Ertan Küçükoglu offered to try to review and test this, so here's a rebase.

Some notes:

* it turned out that the Turkish i/I test problem I mentioned earlier
in this thread[1] was just always broken on Windows, we just didn't
ever test with UTF-8 before Meson took over; it's skipped now, see
commit cff4e5a3[2]

* it seems that you can't actually put encodings like .1252 on the end
(.UTF-8 must be a special case); I don't know if we should look into a
better UTF-8 mode for modern Windows, but that'd be a separate project

* this patch only benefits people who run initdb.exe without
explicitly specifying a locale; probably a good number of real systems
in the wild actually use EDB's graphical installer which initialises a
cluster and has its own way of choosing the locale, as discussed in
Ertan's thread[3]

[1] 
https://www.postgresql.org/message-id/flat/CA%2BhUKGJZskvCh%3DQm75UkHrY6c1QZUuC92Po9rponj1BbLmcMEA%40mail.gmail.com#3a00c08214a4285d2f3c4297b0ac2be2
[2] https://github.com/postgres/postgres/commit/cff4e5a3
[3] 
https://www.postgresql.org/message-id/flat/CAH2i4ydECHZPxEBB7gtRG3vROv7a0d3tqAFXzcJWQ9hRsc1znQ%40mail.gmail.com
From fb33b7eb5482bae31b70bb54dbe77325b543a89c Mon Sep 17 00:00:00 2001
From: Thomas Munro <thomas.mu...@gmail.com>
Date: Mon, 20 Nov 2023 14:24:35 +1300
Subject: [PATCH v5 1/2] MinGW has GetLocaleInfoEx().

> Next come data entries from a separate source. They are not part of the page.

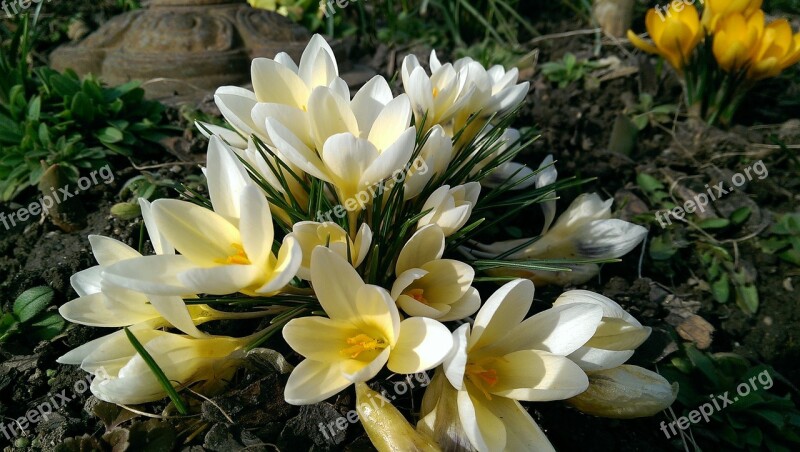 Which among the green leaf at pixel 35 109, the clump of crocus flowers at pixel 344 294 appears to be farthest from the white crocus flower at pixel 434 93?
the green leaf at pixel 35 109

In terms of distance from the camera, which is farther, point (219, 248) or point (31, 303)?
point (31, 303)

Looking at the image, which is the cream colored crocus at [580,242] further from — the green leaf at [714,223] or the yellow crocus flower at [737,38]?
the yellow crocus flower at [737,38]

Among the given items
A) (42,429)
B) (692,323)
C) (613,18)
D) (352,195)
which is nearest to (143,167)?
(42,429)

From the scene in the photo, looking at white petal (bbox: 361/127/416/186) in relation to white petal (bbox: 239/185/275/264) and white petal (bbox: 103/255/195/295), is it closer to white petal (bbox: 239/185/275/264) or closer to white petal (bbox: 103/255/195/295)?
white petal (bbox: 239/185/275/264)

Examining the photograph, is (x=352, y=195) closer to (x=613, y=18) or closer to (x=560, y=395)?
(x=560, y=395)

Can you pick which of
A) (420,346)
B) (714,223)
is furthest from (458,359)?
(714,223)

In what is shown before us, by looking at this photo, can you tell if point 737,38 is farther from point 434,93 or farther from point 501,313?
point 501,313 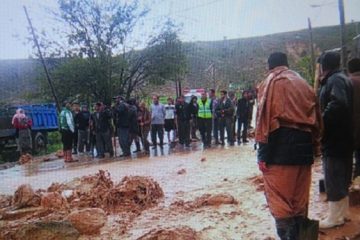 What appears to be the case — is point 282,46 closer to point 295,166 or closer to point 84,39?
point 84,39

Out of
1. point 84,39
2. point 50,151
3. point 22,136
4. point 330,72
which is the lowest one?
point 50,151

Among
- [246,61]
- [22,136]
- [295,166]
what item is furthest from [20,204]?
[246,61]

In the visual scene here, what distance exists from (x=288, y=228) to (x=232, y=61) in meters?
46.1

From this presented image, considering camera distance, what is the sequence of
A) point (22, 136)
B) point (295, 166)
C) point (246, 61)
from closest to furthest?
point (295, 166)
point (22, 136)
point (246, 61)

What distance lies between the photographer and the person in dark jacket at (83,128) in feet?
43.5

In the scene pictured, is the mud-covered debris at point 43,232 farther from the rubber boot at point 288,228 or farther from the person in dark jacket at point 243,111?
the person in dark jacket at point 243,111

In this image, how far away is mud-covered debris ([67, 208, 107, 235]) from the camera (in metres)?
5.14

To use BCP 47 locale names like "en-US" without a suffix ".encoding", we
need to be able to call GetLocaleInfoEx() to look up the encoding.  That
was previously gated for MSVC only, but MinGW has had the function for
many years.  Remove that gating, because otherwise our MinGW build farm
animals would fail when a later commit switches to using the new names by
default.

There are probably other places where _MSC_VER is being used as a proxy
for detecting MinGW with an out-of-date idea about missing functions.

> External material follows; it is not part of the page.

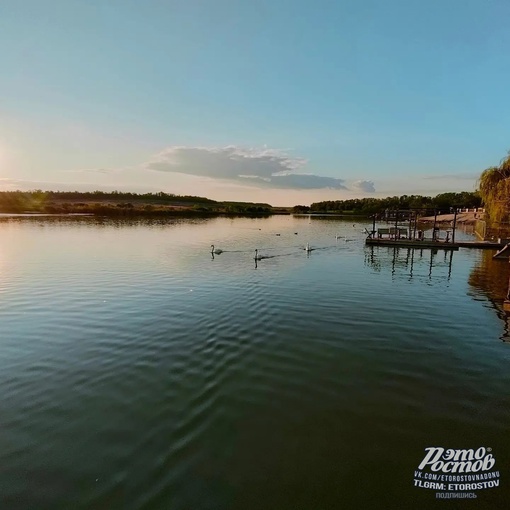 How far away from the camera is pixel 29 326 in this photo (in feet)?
48.1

Discussion: https://postgr.es/m/CA%2BhUKGLsV3vTjPp7bOZBr3JTKp3Brkr9V0Qfmc7UvpWcmAQL4A%40mail.gmail.com
---
 src/port/chklocale.c | 2 --
 1 file changed, 2 deletions(-)

diff --git a/src/port/chklocale.c b/src/port/chklocale.c
index 8cb81c8640e..a15b0d5349b 100644
--- a/src/port/chklocale.c
+++ b/src/port/chklocale.c
@@ -204,7 +204,6 @@ win32_langinfo(const char *ctype)
 	char	   *r = NULL;
 	char	   *codepage;
 
-#if defined(_MSC_VER)
 	uint32		cp;
 	WCHAR		wctype[LOCALE_NAME_MAX_LENGTH];
 
@@ -229,7 +228,6 @@ win32_langinfo(const char *ctype)
 		}
 	}
 	else
-#endif
 	{
 		/*
 		 * Locale format on Win32 is <Language>_<Country>.<CodePage>.  For
-- 
2.45.2

From dc726a61aace86bda62687e3aa1411753ba3f1a4 Mon Sep 17 00:00:00 2001
From: Thomas Munro <thomas.mu...@gmail.com>
Date: Tue, 19 Jul 2022 06:31:17 +1200
Subject: [PATCH v5 2/2] Default to IETF BCP 47 locale names in initdb on
 Windows.
MIME-Version: 1.0
Content-Type: text/plain; charset=UTF-8
Content-Transfer-Encoding: 8bit

Avoid selecting traditional Windows locale names written with English
words, because (1) they are unstable and explicitly not recommended for
use in databases and (2) they may contain non-ASCII characters, which we
can't put in our shared catalogs.  Since setlocale() returns such names,
on Windows use GetUserDefaultLocaleName() if the user didn't provide an
explicit locale.  It returns BCP 47 strings like "en-US".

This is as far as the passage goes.